[PROVIDED RECORDS — start]
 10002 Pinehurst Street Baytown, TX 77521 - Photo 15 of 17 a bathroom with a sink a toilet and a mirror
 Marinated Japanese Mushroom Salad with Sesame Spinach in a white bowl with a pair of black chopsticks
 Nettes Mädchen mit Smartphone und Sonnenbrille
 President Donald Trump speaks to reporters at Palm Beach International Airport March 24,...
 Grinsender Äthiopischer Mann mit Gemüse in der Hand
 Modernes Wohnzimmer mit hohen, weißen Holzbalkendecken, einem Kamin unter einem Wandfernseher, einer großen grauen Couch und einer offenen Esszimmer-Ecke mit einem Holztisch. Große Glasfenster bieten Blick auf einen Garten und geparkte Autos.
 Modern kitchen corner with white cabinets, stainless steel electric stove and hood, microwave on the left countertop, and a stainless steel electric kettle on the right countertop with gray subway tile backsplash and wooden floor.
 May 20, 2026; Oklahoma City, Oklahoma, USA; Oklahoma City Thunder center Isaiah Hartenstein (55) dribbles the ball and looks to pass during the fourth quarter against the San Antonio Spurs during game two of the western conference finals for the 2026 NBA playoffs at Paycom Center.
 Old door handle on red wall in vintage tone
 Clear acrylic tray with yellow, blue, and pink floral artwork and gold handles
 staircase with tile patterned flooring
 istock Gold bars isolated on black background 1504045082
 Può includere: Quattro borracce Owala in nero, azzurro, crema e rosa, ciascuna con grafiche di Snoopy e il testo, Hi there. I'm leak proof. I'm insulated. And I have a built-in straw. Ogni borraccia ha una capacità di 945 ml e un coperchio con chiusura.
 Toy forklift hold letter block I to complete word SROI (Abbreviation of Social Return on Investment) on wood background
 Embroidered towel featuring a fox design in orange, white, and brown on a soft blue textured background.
[PROVIDED RECORDS — finish]
§ WORK ITEM: Give back, unchanged, the line containing "Clear acrylic tray" and each line that comes after it in the entries above, ending with the last.

§ YOUR SOLUTION:
 Clear acrylic tray with yellow, blue, and pink floral artwork and gold handles
 staircase with tile patterned flooring
 istock Gold bars isolated on black background 1504045082
 Può includere: Quattro borracce Owala in nero, azzurro, crema e rosa, ciascuna con grafiche di Snoopy e il testo, Hi there. I'm leak proof. I'm insulated. And I have a built-in straw. Ogni borraccia ha una capacità di 945 ml e un coperchio con chiusura.
 Toy forklift hold letter block I to complete word SROI (Abbreviation of Social Return on Investment) on wood background
 Embroidered towel featuring a fox design in orange, white, and brown on a soft blue textured background.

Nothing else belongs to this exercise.